Science/Tech

How is NASA Planning to Pay for its Mars Mission?

By Kanika Gupta | Update Date: Jan 13, 2016 11:55 AM EST

According to the analysts, a trip to Mars costs between $100 billion and $1 trillion to execute the Mars mission. However, the budget that NASA has for 2016 is $19.6 billion. Even though this is a handsome budget, but not if you have Mars on your agenda, said Justin Bachman who wrote for Bloomberg.

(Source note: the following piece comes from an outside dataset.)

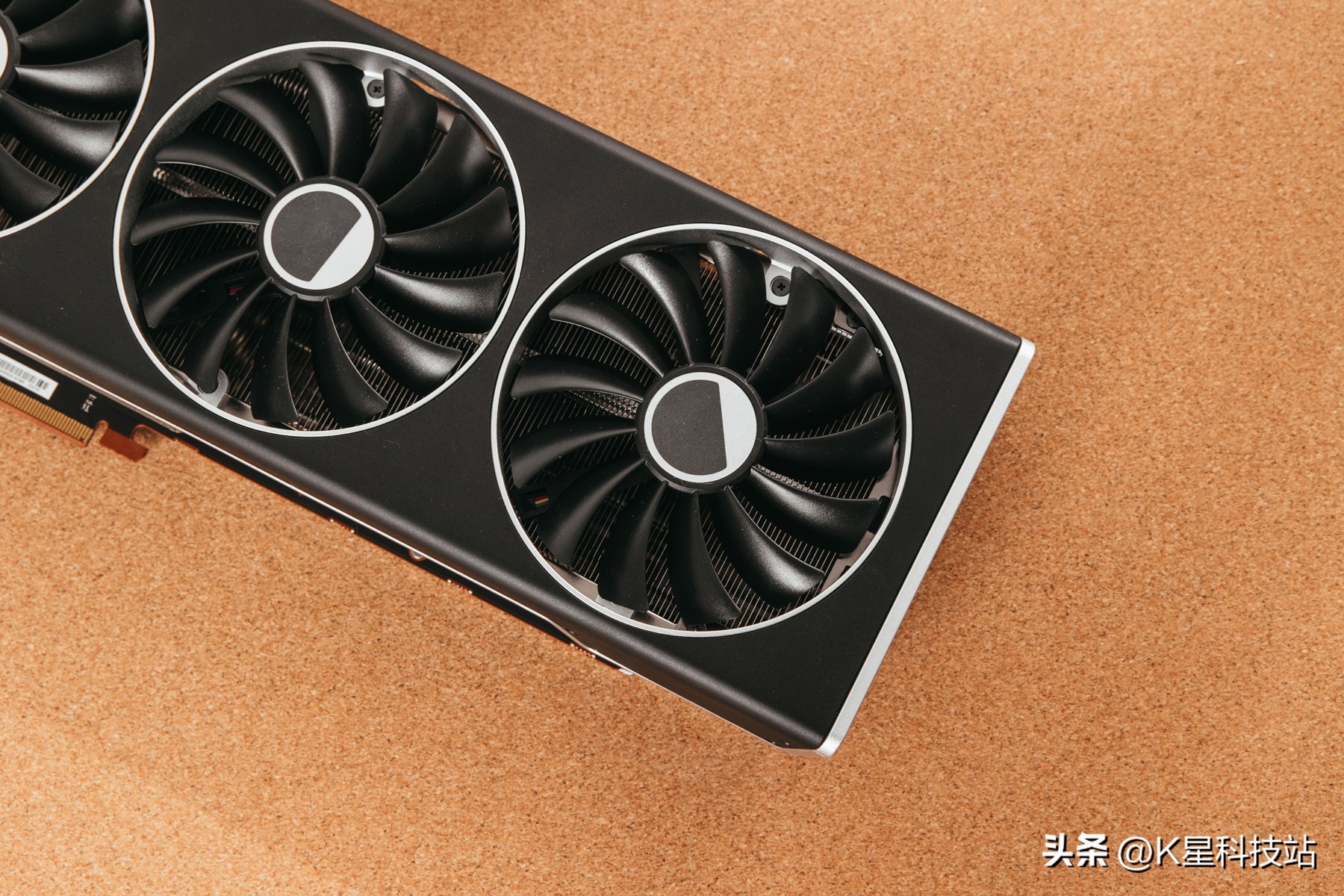 华硕x670e-egaming开箱评测,华硕x670e怎么选择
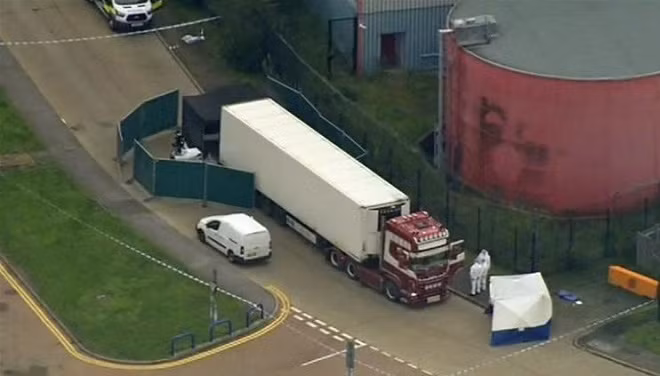 Chiếc xe container bị cảnh sát Anh phát hiện bên trong có 39 thi thể nằm ở khu công nghiệp Waterglade thuộc hạt Essex, phía đông bắc London, Anh hôm 23/10 vừa qua. Chiếc xe container bị cảnh sát Anh phát hiện bên trong có 39 thi thể nằm ở khu công nghiệp Waterglade thuộc hạt Essex, phía đông bắc London, Anh hôm 23/10 vừa qua.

"I think everyone expects that a multinational coalition is going to be involved at some level," Casey Dreier, advocacy director for the Planetary Society, a nonprofit that promotes space exploration, told Bloomberg. Even though the European Space Agency (ESA) may not be willing to send its own spacecraft to Mars, they are not averse to the idea of collaborating with NASA that "will actually lead to having a European astronaut on a future space mission," Nico Dettmann, head of ESA's development department, told Bloomberg at a collaborative event for the Orion program Nov. 30, as reported by The Christian Science Monitor.

NASA is expected to do the red planet without any company. ESA, known to be a NASA partner, has announced that they are planning to launch multiple organized missions to Moon but not Mars. ESA said in its blog post that they plan to launch series of missions on the moon that involves various space agencies, but not NASA. As reported by Ars Technica,

NASA's main objective planned for the next two decades is a landing on Mars and not coming back to the moon. However, for now their plans appear bleak at best as the space agency's partners are backing away from their ambitious project. Currently, the best way that NASA has a shot at Mars mission is through private sector collaboration. Elon Musk's SpaceX is making significant progress in that direction already. It is clear that NASA needs stable partnerships with companies like SpaceX and Blue Origin by Jeff Bezos to have a shot at Mars, reported Council Chronicle.